* [Work to be completed]: Return verbatim the lines that run from the one holding "Yükselen Zeka 12-36" to the end of the listing, both ends included, without the pictures.

* [Recorded information]:
⟨

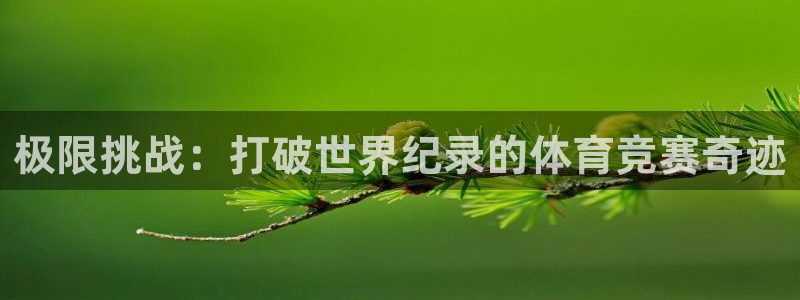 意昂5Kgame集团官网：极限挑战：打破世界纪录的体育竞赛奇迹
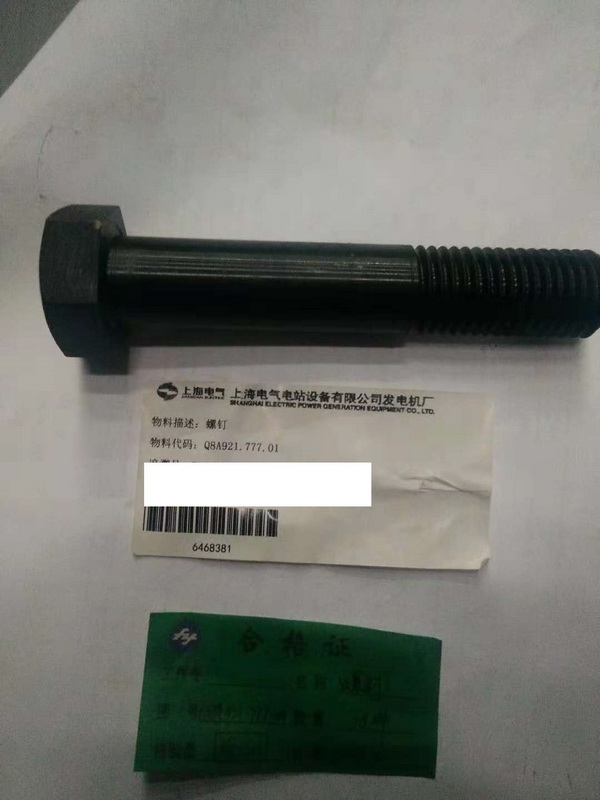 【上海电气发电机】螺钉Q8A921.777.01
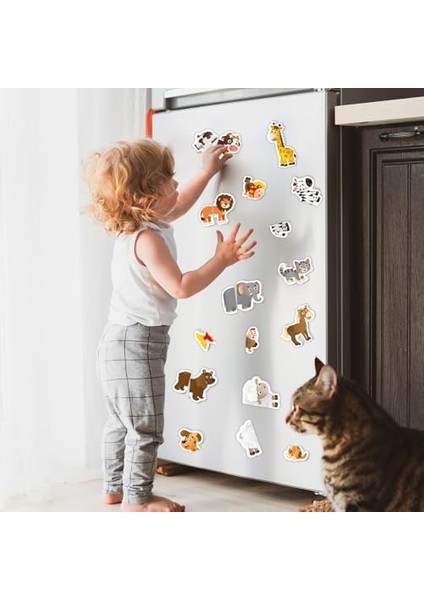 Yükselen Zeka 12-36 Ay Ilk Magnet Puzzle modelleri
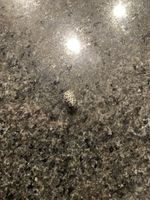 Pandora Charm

⟩

* [Response box]:
 Yükselen Zeka 12-36 Ay Ilk Magnet Puzzle modelleri
 Pandora Charm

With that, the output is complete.